The C-46 Solar Contractors classification is another high-risk class, and California is loaded with solar contractors up and down the state. According to the CSLB Description of Classifications:
A solar contractor installs, modifies, maintains, and repairs thermal and photovoltaic solar energy systems. A licensee classified in this section shall not undertake or perform building or construction trades, crafts, or skills, except when required to install a thermal or photovoltaic solar energy system.
Like many contractors who perform their work on raised platforms and on roofs of buildings, there is a significant risk for work-related injuries to employees and third-party injuries and property damage. Knowing this, solar contractors should be specifically mindful about their General Liability and Workers’ Compensation coverage. Fairbanks Insurance Brokers offers a specific package of coverages to help solar contractors transfer their risk to highly-rated insurance companies.
Here’s What We Recommend:
General Liability: Since most Solar Contractors perform services in buildings that are occupied at the time of installation or service, there is a substantial risk for bodily injury and property damage to third parties. Your general liability will provide financial protection in the event an action is brought against your company and will also pay for defense costs.

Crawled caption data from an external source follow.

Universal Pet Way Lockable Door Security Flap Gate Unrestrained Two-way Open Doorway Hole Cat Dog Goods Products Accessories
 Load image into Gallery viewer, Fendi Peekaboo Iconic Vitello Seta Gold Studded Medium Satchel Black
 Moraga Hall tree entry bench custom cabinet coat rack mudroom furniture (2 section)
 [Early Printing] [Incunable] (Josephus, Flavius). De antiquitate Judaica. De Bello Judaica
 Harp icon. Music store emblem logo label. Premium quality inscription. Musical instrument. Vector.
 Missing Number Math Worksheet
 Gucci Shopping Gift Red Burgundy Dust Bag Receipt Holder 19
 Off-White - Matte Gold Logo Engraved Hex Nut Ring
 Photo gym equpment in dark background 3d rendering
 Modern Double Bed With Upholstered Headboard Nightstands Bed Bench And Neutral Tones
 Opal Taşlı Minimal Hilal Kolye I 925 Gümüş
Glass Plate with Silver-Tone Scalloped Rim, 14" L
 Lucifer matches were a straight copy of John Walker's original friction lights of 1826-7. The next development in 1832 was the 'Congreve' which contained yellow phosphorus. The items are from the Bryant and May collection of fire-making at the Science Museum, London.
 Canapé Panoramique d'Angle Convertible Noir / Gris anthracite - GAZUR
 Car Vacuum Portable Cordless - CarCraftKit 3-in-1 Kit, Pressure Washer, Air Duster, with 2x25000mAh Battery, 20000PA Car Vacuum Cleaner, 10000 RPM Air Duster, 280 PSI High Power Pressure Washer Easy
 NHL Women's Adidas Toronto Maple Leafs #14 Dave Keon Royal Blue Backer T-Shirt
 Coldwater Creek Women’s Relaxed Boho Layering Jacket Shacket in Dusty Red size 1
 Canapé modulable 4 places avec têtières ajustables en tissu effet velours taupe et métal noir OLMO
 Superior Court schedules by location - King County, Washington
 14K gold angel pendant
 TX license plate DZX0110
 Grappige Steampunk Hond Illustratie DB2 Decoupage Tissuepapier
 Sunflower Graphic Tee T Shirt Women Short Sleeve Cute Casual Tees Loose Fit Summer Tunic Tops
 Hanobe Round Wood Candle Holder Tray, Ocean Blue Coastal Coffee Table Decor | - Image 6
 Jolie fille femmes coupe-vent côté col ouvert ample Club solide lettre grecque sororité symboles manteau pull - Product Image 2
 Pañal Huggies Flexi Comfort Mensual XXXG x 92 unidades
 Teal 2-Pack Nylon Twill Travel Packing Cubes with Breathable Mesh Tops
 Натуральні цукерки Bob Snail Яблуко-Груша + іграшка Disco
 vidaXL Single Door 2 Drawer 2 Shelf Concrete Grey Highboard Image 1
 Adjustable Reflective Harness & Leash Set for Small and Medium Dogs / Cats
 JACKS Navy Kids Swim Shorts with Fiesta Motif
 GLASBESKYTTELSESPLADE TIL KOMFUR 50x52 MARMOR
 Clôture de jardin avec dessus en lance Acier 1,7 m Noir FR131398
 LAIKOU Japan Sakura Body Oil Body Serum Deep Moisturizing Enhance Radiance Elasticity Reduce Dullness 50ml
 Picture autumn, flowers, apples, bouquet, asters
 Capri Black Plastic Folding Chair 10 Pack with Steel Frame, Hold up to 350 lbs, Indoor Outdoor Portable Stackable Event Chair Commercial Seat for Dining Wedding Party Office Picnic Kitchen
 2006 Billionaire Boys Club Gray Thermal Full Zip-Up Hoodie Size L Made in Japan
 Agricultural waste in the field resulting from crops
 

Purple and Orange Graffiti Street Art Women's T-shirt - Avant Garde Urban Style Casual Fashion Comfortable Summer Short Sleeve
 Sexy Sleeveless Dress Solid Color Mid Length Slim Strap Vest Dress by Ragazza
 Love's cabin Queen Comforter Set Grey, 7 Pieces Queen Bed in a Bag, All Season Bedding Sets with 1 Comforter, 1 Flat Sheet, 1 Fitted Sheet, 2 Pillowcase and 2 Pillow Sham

Workers’ Compensation: The state of California’s Licensing Board will not grant your solar business a license to do business unless you provide proof of workers’ compensation coverage. This policy will pay medical expenses and lost wages if an employee is injured on the job, and protect your business from employees suing for medical damages. Solar contractors should keep in mind that there are significant fines and penalties in place in the event your business is discovered working without this coverage.
Surety Bonds: A surety bond is required by the state and by most customers to provide a financial guarantee in the event your business does not complete a project according to the project terms and conditions, and it helps to guarantee that employees, subcontractors, and vendors are paid. : According to California’s Business and Professions Code Section 7071.6, a Contractor’s Bond must be in place before CSLB can issue an active license, reactivate an inactive license, or renew an active license.
Commercial Auto: Generally, all solar contractors will use light and heavy vehicles in the course of doing business. As a commercial business, contractors need to carry minimum limits of liability of at least $1 million and in many cases, up to $5 million. Your commercial auto coverage will also protect your vehicles if they damaged in an accident or other covered peril, or if they are stolen.
Tools & Equipment Coverage: Solar contractors typically use expensive special tools and equipment on the job. Having to replace damaged or stolen tools could create a significant loss for the contractor. With the Fairbanks Insurance tools and equipment program, your business would have financial protection in the event your business is forced to by replacement tools for your business.